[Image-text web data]
• • • •
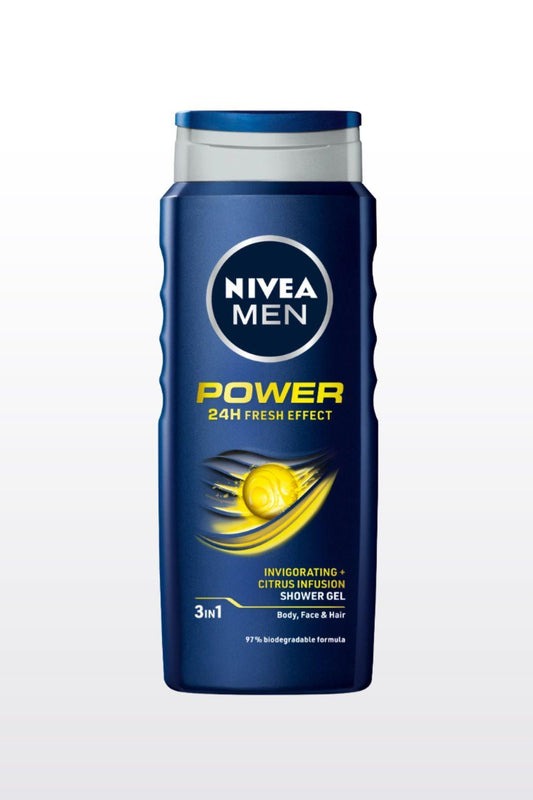 NIVEA - POWER FRESH ג'ל רחצה לגבר - MASHBIR//365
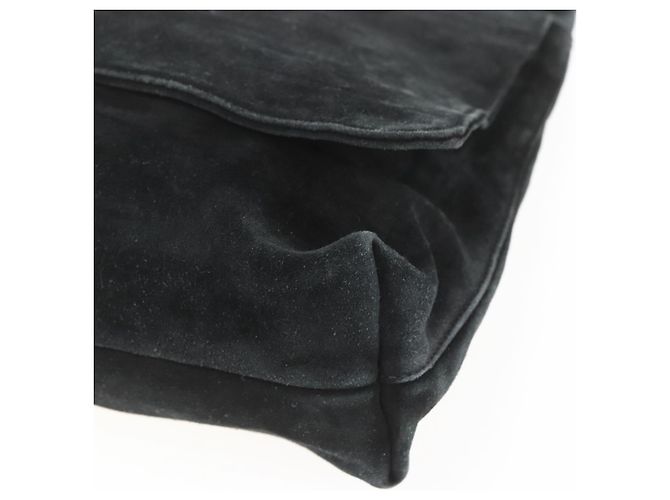 Borsa a Spalla GUCCI Camoscio Nero Auth 165095 - vista 9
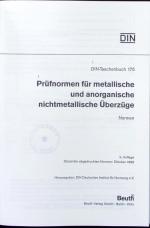 Prüfnormen für metallische und anorganische nichtmetallische Überzüge.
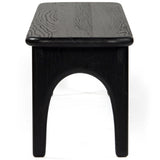 Luna Dining Bench, Charcoal-Furniture - Dining-High Fashion Home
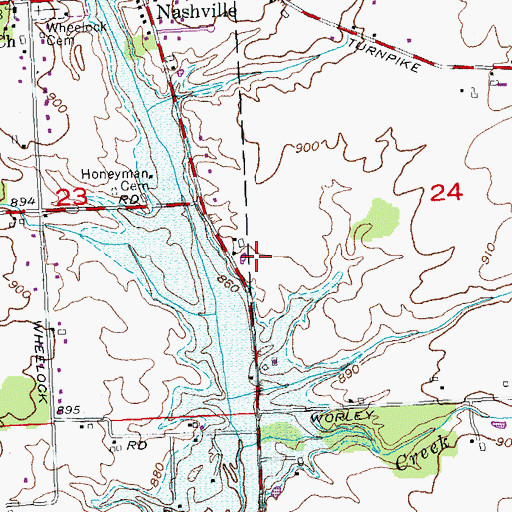 Topographic Map of K J B Farm, OH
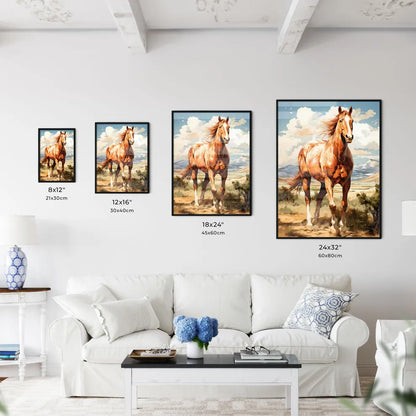 A Painting Of A Horse In A Field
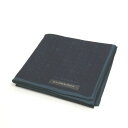 月末も当店でお買い物♪全品P10倍メール便対応OK【売れ筋】【限定1枚】【未使用ハンカチ】BURBERRYバーバリーハンカチ【ネイビー系】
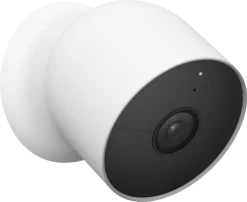Google Nest Cam trådløst overvåkningskamera utendørs / innendørs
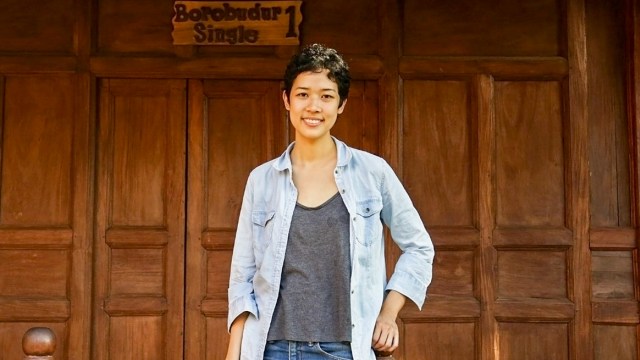 Lani 'Frau' saat ditemui di Balkondes Ngaran, Sabtu (14/9/2019). Foto: Caroline Pramantie/kumparan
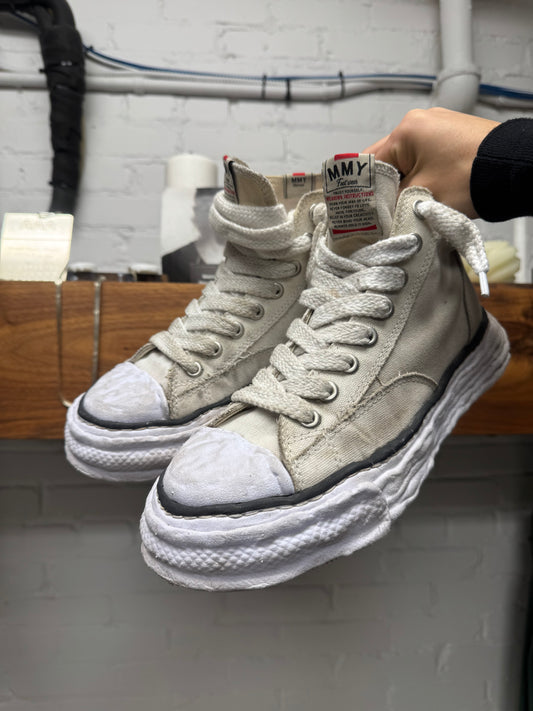 Mihara Yasuhiro White Canvas High Top Sneakers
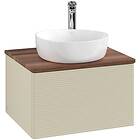 Villeroy & Boch V&B Antao Servantskap med 1 skuff 60x50x36 cm, u/lys, Grå Matt/V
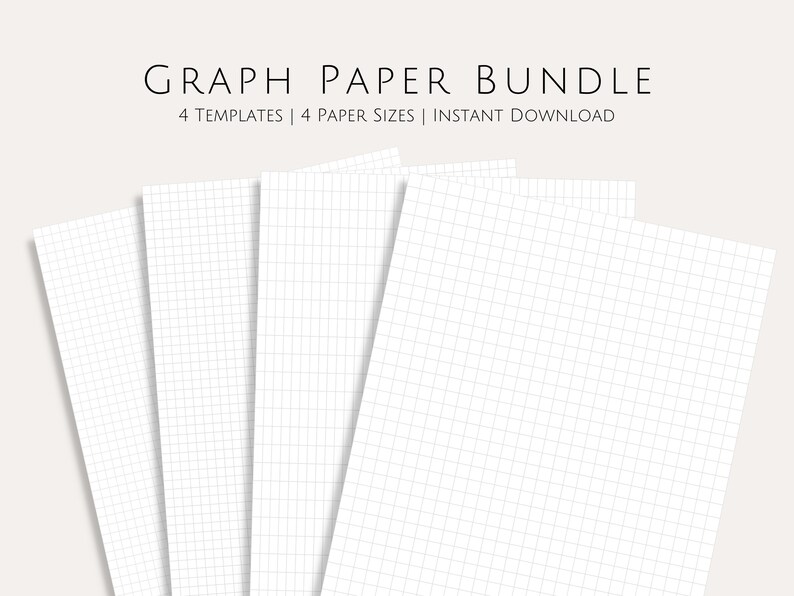 Graph Paper Printable Note Taking Paper PDF Graph Grid Paper Etsy Canada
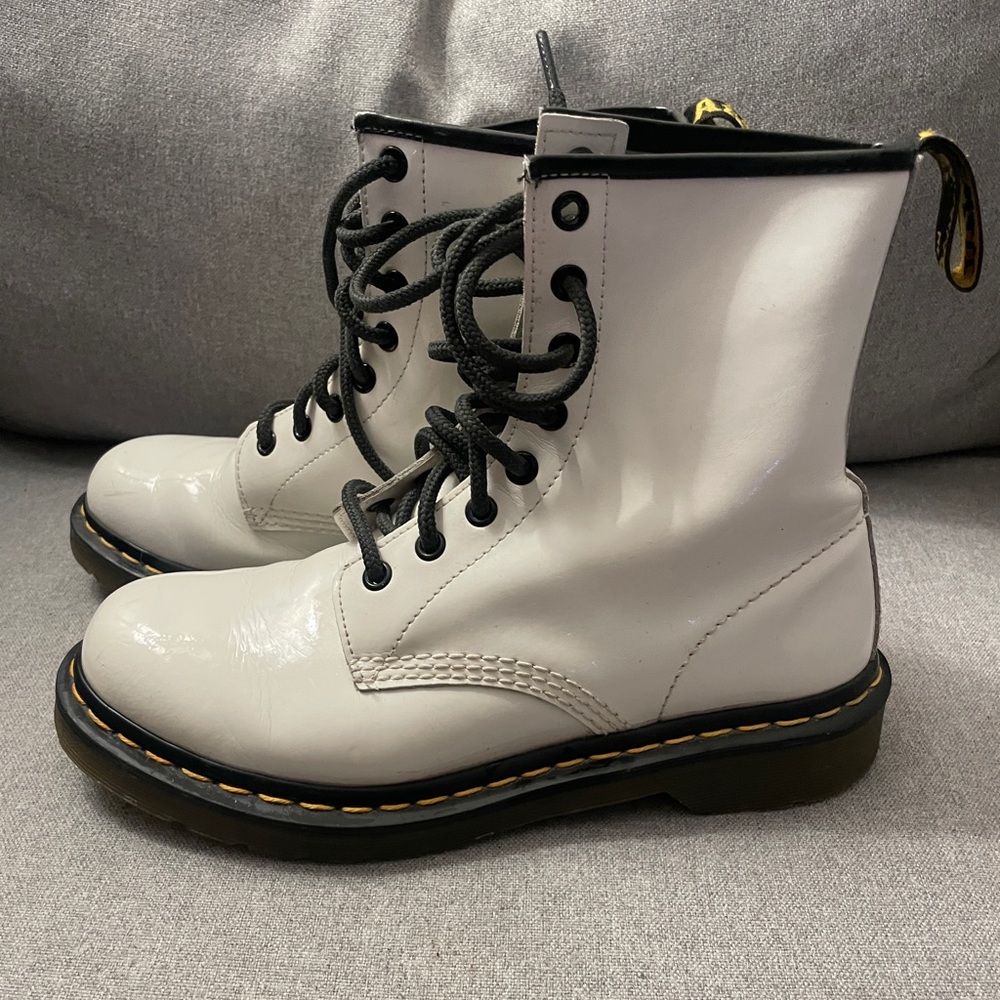 White Dr. martens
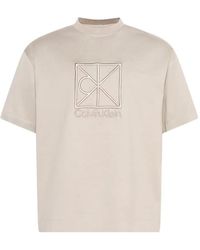 Calvin Klein - Logo-Embroidered T-Shirt - Lyst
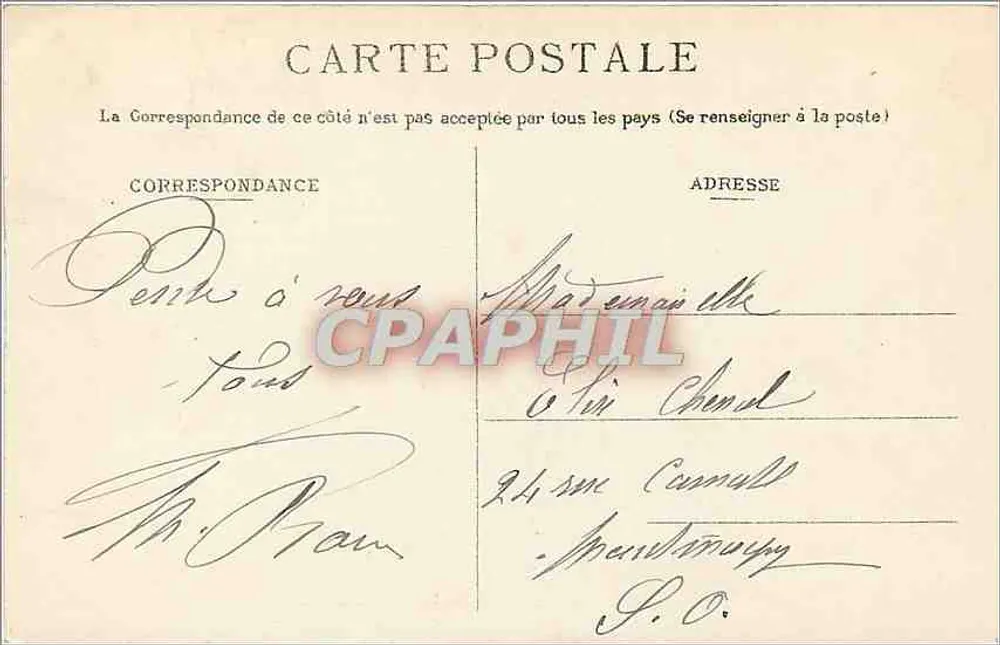 Boulogne-sur-Mer — Le Souvenir Français — éditeur anonyme, n° 22 - Verso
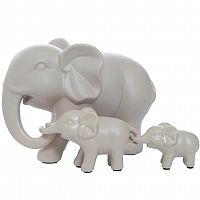 статуэтка набор слонов, цвет бежевый в Нижневартовске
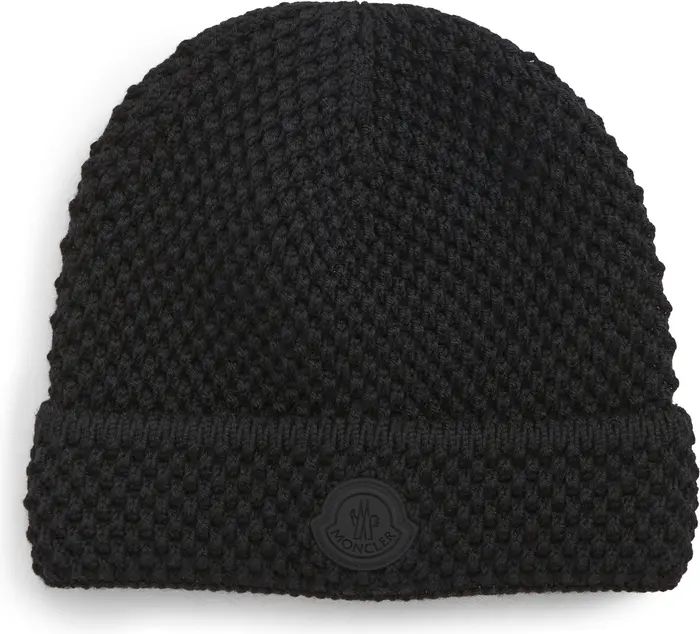 Moncler Bell Logo Wool Beanie | Nordstrom | Nordstrom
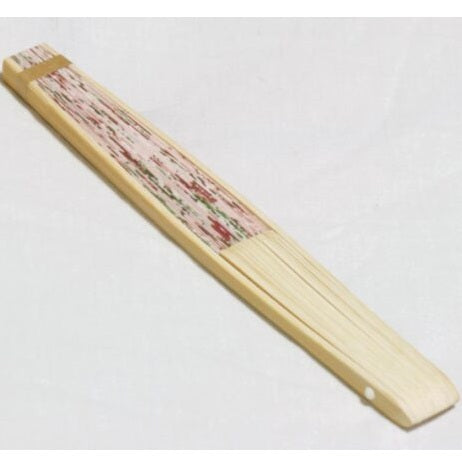 SiL Strawberry Field Paper Hand Fan with Wooden Handle Multicoloured 380mm x 250mm x 30mm 30g OL1166 | For Summer-Travel or Parties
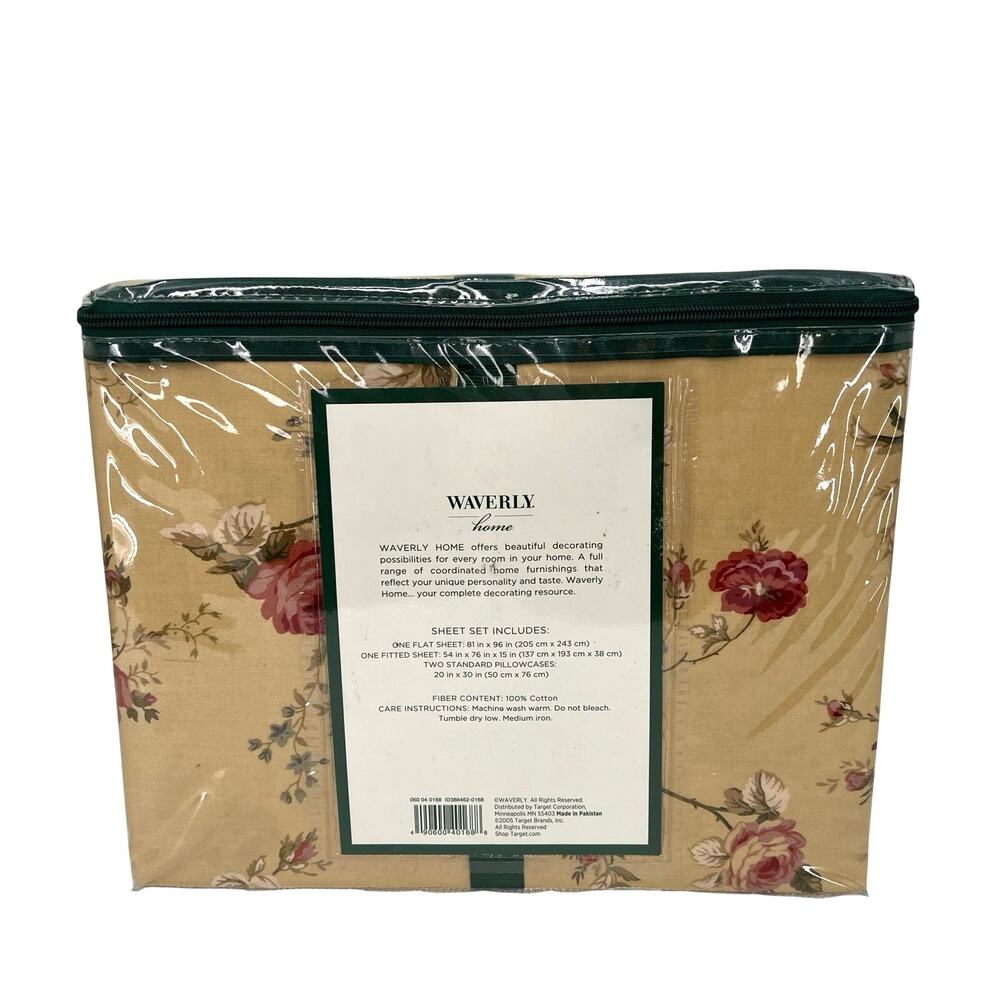 Waverly Full Sheet Set Garden Room Sonata Harbor House Norfolk Rose Very Rare - Picture 4 of 7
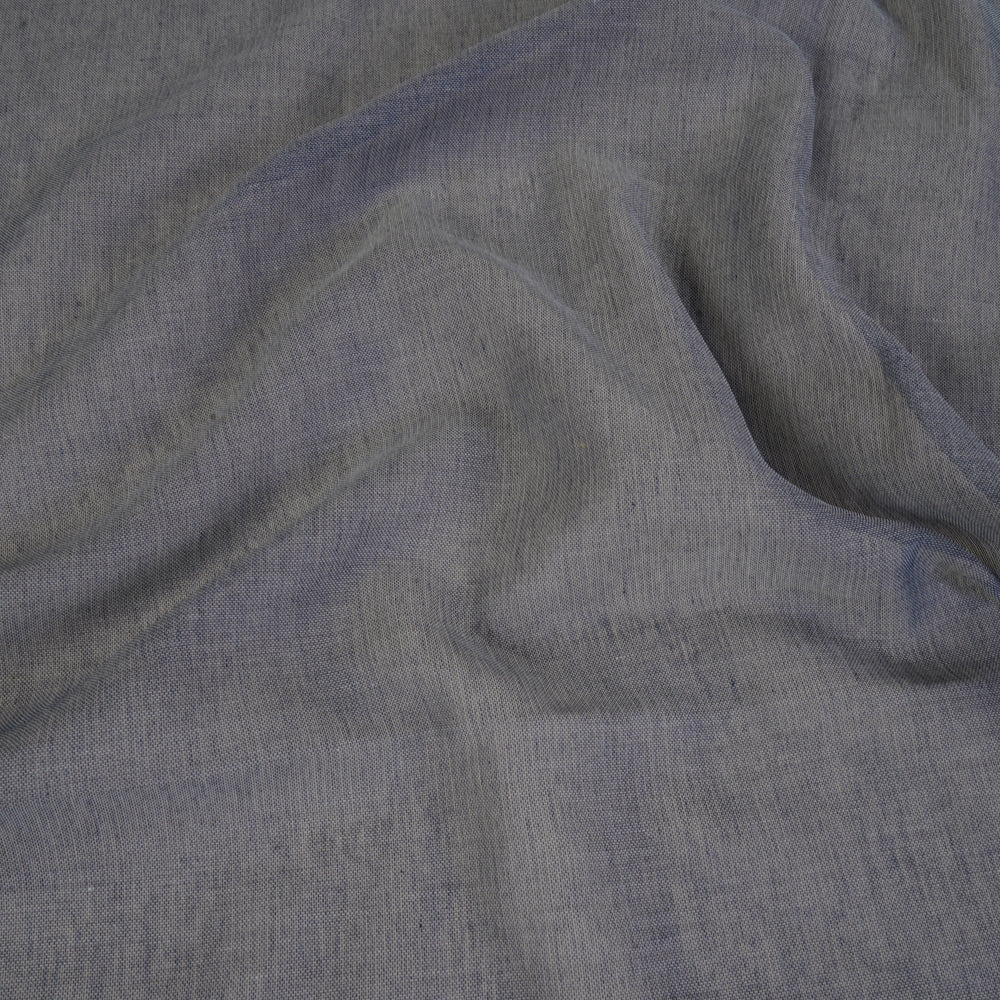 (Pre Cut 1.55 Mtr Piece) Blue Color Cotton Denim Fabric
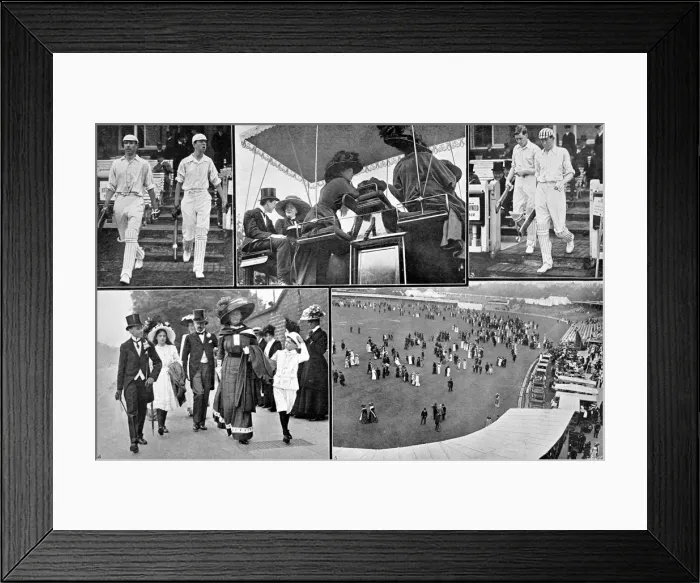 Framed Print : The Eton vs. Harrow Cricket Match, Lords, 1910 Framed Print : The Eton vs. Harrow Cricket Match, Lords, 1910
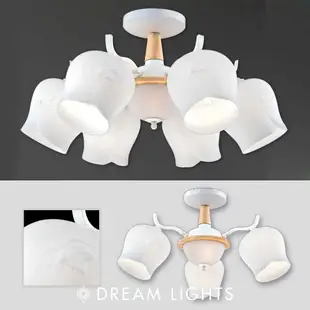 【DREAM LIGHS】〃艾娜半吸頂燈〃 餐廳燈 客廳燈 臥室燈 吸頂燈 半吸頂燈 現代風 流行燈飾 輕工業風 鄉村風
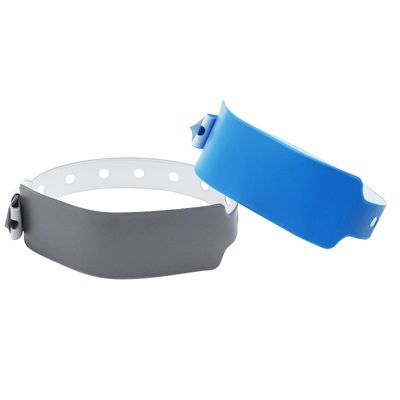 Einweg-Neon-Fluoreszenz-PVC-Armband mit Tabs und Wärmeübertragung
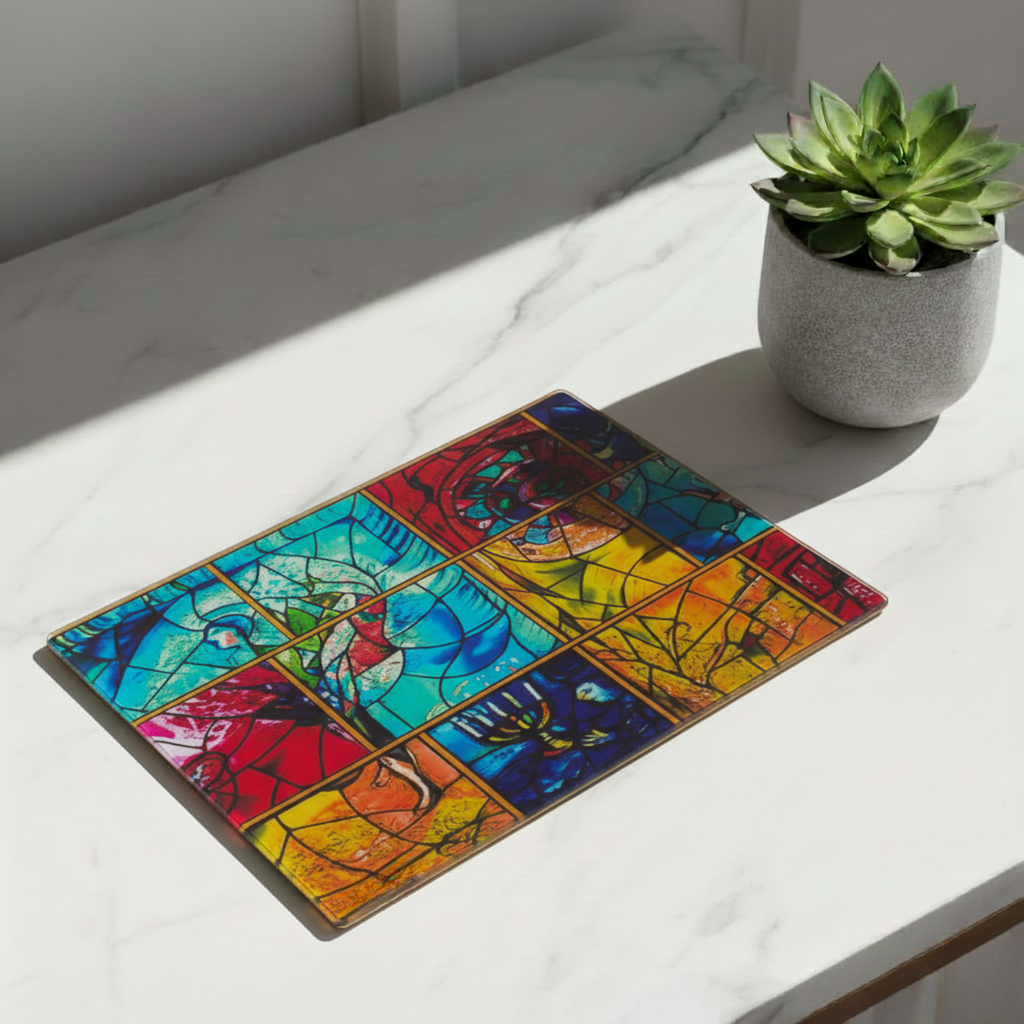 Handcrafted Modern Jewish Gift Set – Chagall Yellow Series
• • • •
What you have to do: Could you write the entries out again exactly, without their pictures?

Solution to the problem:
 NIVEA - POWER FRESH ג'ל רחצה לגבר - MASHBIR//365
 Borsa a Spalla GUCCI Camoscio Nero Auth 165095 - vista 9
 Prüfnormen für metallische und anorganische nichtmetallische Überzüge.
 Luna Dining Bench, Charcoal-Furniture - Dining-High Fashion Home
 Topographic Map of K J B Farm, OH
 A Painting Of A Horse In A Field
 月末も当店でお買い物♪全品P10倍メール便対応OK【売れ筋】【限定1枚】【未使用ハンカチ】BURBERRYバーバリーハンカチ【ネイビー系】
Google Nest Cam trådløst overvåkningskamera utendørs / innendørs
 Lani 'Frau' saat ditemui di Balkondes Ngaran, Sabtu (14/9/2019). Foto: Caroline Pramantie/kumparan
 Mihara Yasuhiro White Canvas High Top Sneakers
 Villeroy & Boch V&B Antao Servantskap med 1 skuff 60x50x36 cm, u/lys, Grå Matt/V
 Graph Paper Printable Note Taking Paper PDF Graph Grid Paper Etsy Canada
 White Dr. martens
 Calvin Klein - Logo-Embroidered T-Shirt - Lyst
 Boulogne-sur-Mer — Le Souvenir Français — éditeur anonyme, n° 22 - Verso
 статуэтка набор слонов, цвет бежевый в Нижневартовске
 Moncler Bell Logo Wool Beanie | Nordstrom | Nordstrom
 SiL Strawberry Field Paper Hand Fan with Wooden Handle Multicoloured 380mm x 250mm x 30mm 30g OL1166 | For Summer-Travel or Parties
 Waverly Full Sheet Set Garden Room Sonata Harbor House Norfolk Rose Very Rare - Picture 4 of 7
 (Pre Cut 1.55 Mtr Piece) Blue Color Cotton Denim Fabric
 Framed Print : The Eton vs. Harrow Cricket Match, Lords, 1910 Framed Print : The Eton vs. Harrow Cricket Match, Lords, 1910
 【DREAM LIGHS】〃艾娜半吸頂燈〃 餐廳燈 客廳燈 臥室燈 吸頂燈 半吸頂燈 現代風 流行燈飾 輕工業風 鄉村風
 Einweg-Neon-Fluoreszenz-PVC-Armband mit Tabs und Wärmeübertragung
 Handcrafted Modern Jewish Gift Set – Chagall Yellow Series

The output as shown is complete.